> [SUPPLIED ENTRIES]
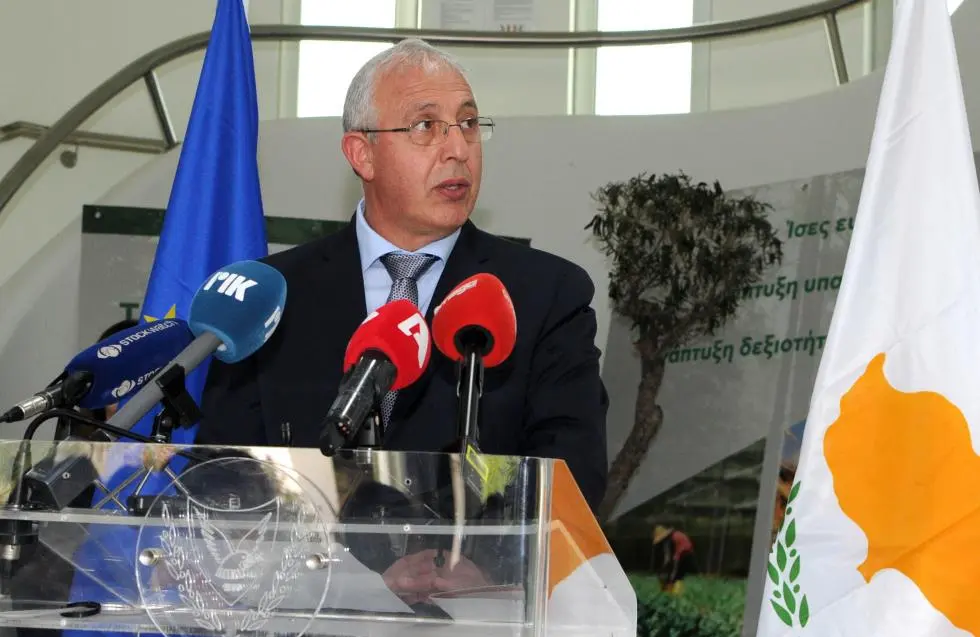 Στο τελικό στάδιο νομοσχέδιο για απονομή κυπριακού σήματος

--

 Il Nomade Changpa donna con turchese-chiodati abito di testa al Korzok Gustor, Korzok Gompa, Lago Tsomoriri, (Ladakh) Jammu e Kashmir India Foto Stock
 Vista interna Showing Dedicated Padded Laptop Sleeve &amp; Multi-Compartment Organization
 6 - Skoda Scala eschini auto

> [WHAT IS NEEDED] An exact copy of the lines above, from the one containing "Il Nomade Changpa" through the one containing "6 - Skoda Scala eschini auto", is the whole of the answer.

> [SOLUTION FOR THIS TASK]
 Il Nomade Changpa donna con turchese-chiodati abito di testa al Korzok Gustor, Korzok Gompa, Lago Tsomoriri, (Ladakh) Jammu e Kashmir India Foto Stock
 Vista interna Showing Dedicated Padded Laptop Sleeve &amp; Multi-Compartment Organization
 6 - Skoda Scala eschini auto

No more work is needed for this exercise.